DATA SECTION:
_____

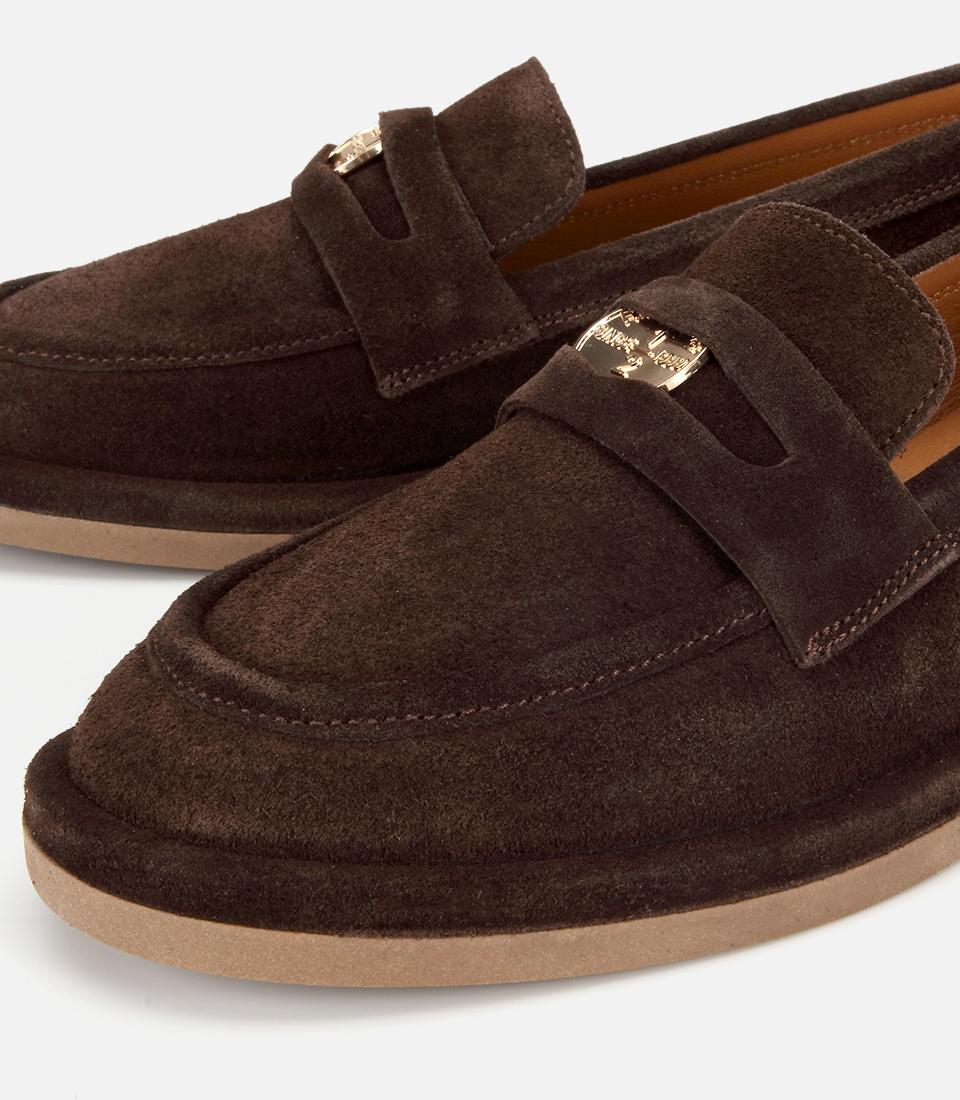 Kadın Süet Deri Kahverengi Tokalı Klasik Loafer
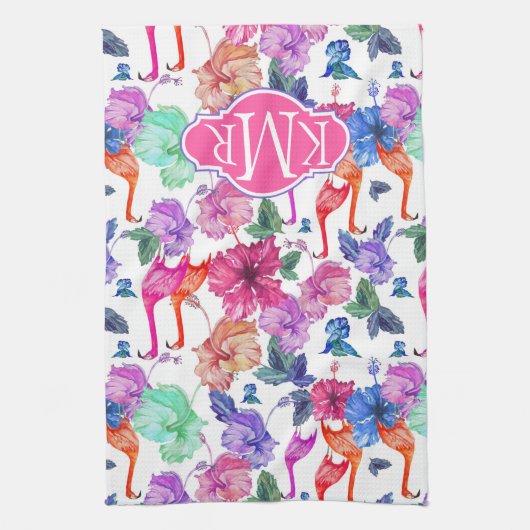 Tropisches Monogramm des Aquarell-Muster-| Geschirrtuch (Vertikal)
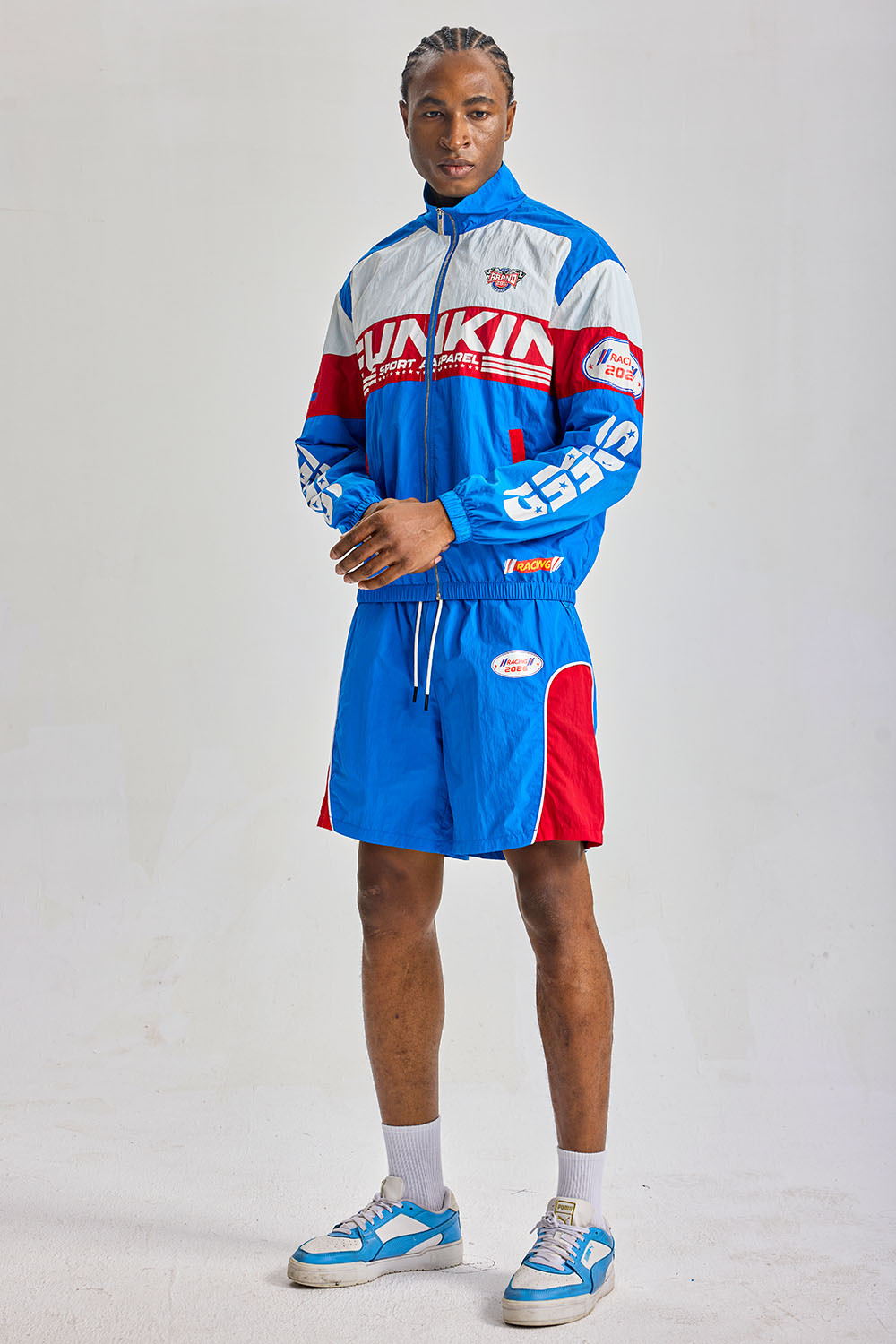 Custom Red‑White‑Blue Color‑Block Racing Short Tracksuit 2‑Piece | Men Crinkle Nylon Stand‑Collar Windbreaker Jacket & Shorts Retro Streetwear Sweatsuit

_____

YOUR GOAL:
Your reply should give again exactly the lines from the one with "Tropisches Monogramm des" through the last line of the data, with both ends included and pictures left out.

YOUR RESPONSE:
 Tropisches Monogramm des Aquarell-Muster-| Geschirrtuch (Vertikal)
 Custom Red‑White‑Blue Color‑Block Racing Short Tracksuit 2‑Piece | Men Crinkle Nylon Stand‑Collar Windbreaker Jacket & Shorts Retro Streetwear Sweatsuit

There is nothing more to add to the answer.